Failed attempts are :
snake <- function(i){
kruskal.test(df$Height ~ df$Person, data = i)
}
snail <- lapply(df_list, "[[", snake)
df_list %>% kruskal.test(df$Height ~ df$Person)
sapply(df_list, function(i) { kruskal.test(df$Height ~ df$Person, data = i)})
Map(function(x) kruskal.test(Height ~ Person), get(df_list))
Map(function(df_list, .f(kruskal.test(Height ~ Person)))
lapply(mget(df_list), function(x) kruskal.test(Height ~ Person))
bunny <- df_list %>%
kruskal_test(df$Height ~ Person, data = .)
Summary: I am trying to do kruskal.test()
over a set of list containing dataframes. How can a pass a formula over lapply()
or Map()
to run the kruskal.test()
in each dataframes in the list?
Upvotes: 0
Views: 174
Reputation: 11957
Your code is referencing an object called "df", which does not appear to exist. Also, when using kruskal.test
with the arguments kruskal.test(formula, data)

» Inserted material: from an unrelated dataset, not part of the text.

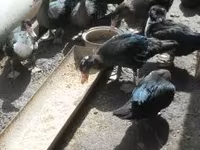 Ducks — الصورة 2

, there is no need to reference the data frame in the formula. Providing kruskal.test
a "data" argument will cause the function to search for the formula symbols first in the provided data. In other words, if data frame "x" contains columns "Height" and "Person", then the following would work:
kruskal.test(Height ~ Person, data = x)
In your example, you shouldn't reference df
. Notice that the code below creates a temporary function with an argument called "i", and that "i" is subsequently referenced:
lapply(df_list, function(i) kruskal.test(Height ~ Person, data = i))
$`1.3.A`
Kruskal-Wallis rank sum test
data: Height by Person
Kruskal-Wallis chi-squared = 5, df = 2, p-value = 0.08208
$`2.2.A`
Kruskal-Wallis rank sum test
data: Height by Person
Kruskal-Wallis chi-squared = 5, df = 2, p-value = 0.08208
$`1.1.B`
Kruskal-Wallis rank sum test
data: Height by Person
Kruskal-Wallis chi-squared = 5, df = 2, p-value = 0.08208
Upvotes: 2